En effet, sur les vingt clubs qui participent à ce championnat, seuls trois sont entraînés par un Français (Hyères, Antibes, Montpellier). Les techniciens britanniques sont présents en nombre (8), et les Hongrois ne sont pas en reste (4, dont un certain Ferenc Plattkó). C’est donc peu dire qu’Eisenhoffer peut trouver des relais pour pratiquer le football qu’il a appris et le confronter aux méthodes britanniques et françaises.
Dès l’année suivante, il fait ainsi venir Vincent Dittrich, jusque-là entraîneur de l’Hakoah Vienne, mais aussi Leopold Drucker et son compatriote et compère d’attaque Vilmos « Willy » Kohut.
Cette recette s’avère être la bonne, puisque l’OM file en finale de la Coupe de France en 1934, avant de remporter la compétition l’année suivante avec un Eisenhoffer sur le terrain mais aussi… comme entraîneur principal. Une situation qui n’a rien d’un choix par défaut, car le Hongrois reste entraîneur-joueur de des Phocéens durant six saisons (par intermittence néanmoins), de 1935 à 1941.
Cette longévité en fait même, à l’heure actuelle, le sixième entraîneur ayant dirigé le plus de matchs de l’OM. Avec un certain succès donc, les Olympiens bénéficient des services de quelques-unes des meilleurs éléments de l’Hakoah Vienne : Eisenhoffer sur le banc, Willy Kohut à l’aile et Edmond Weiskopf, transfuge du rival sétois, bientôt naturalisé français.
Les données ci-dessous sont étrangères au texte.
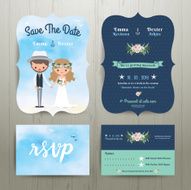 Bohemian cartoon couple on the beach wedding card template set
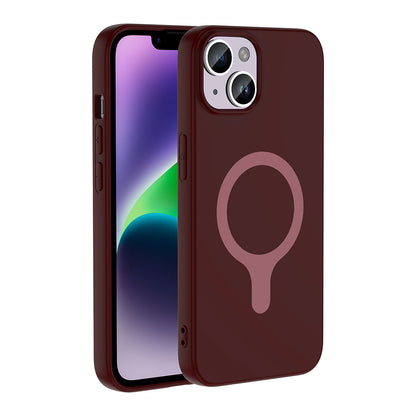 iPhone 14 Kılıf M-Safe Şarj Özellikli MNC Aris Silikon Kapak - Mürdüm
Grace à ses éléments hongrois, l’OM parvient à s’adjuger son premier titre de champion national professionnel en 1937, et remporte une nouvelle Coupe de France en 1938. Logiquement courtisé par d’autres clubs français s’intéressant à ses méthodes, Eisenhoffer s’en va au RC Lens en 1938. Mais l’aventure du Magyar dans le Pas-de-Calais ne dure qu’une saison. Il rentre ensuite à Marseille, guide une nouvelle fois les Ciel et Blanc jusqu’en finale de la Coupe de France en 1940. Et rentre à Budapest après l’invasion allemande.
Fin tragique
Dans sa ville natale, Eisenhoffer le Juif converti n’est pas forcément bien accueilli et ne doit le fait d’être laissé tranquille qu’à son statut d’ancien international et entraîneur de renom. Un traitement de faveur auquel n’a pas droit sa femme, qui est juive de naissance et trouve la mort en déportation.
Malheureusement, même ses exploits avec l’Olympique de Marseille ne lui permettent de retrouver un club à diriger, la MLSZ (fédération hongroise) refusant catégoriquement de lui délivrer une licence.
A la fin de l’année 1944, alors que les raids aérien de l’armée soviétique s’intensifient au-dessus de la capitale hongroise, József Eisenhoffer est sérieusement blessé. Caché dans la cave d’un ami, ses blessures sont mal soignées. L’infection se propage et mène à sa mort, le 13 mai 1945.
Budapest, Vienne, New York et Marseille. Les deux joyaux de l’ancien Empire austro-hongrois, la Grosse Pomme et la cité phocéenne. Tels ont donc été les quatre ports d’attache d’un aventurier du XXe siècle.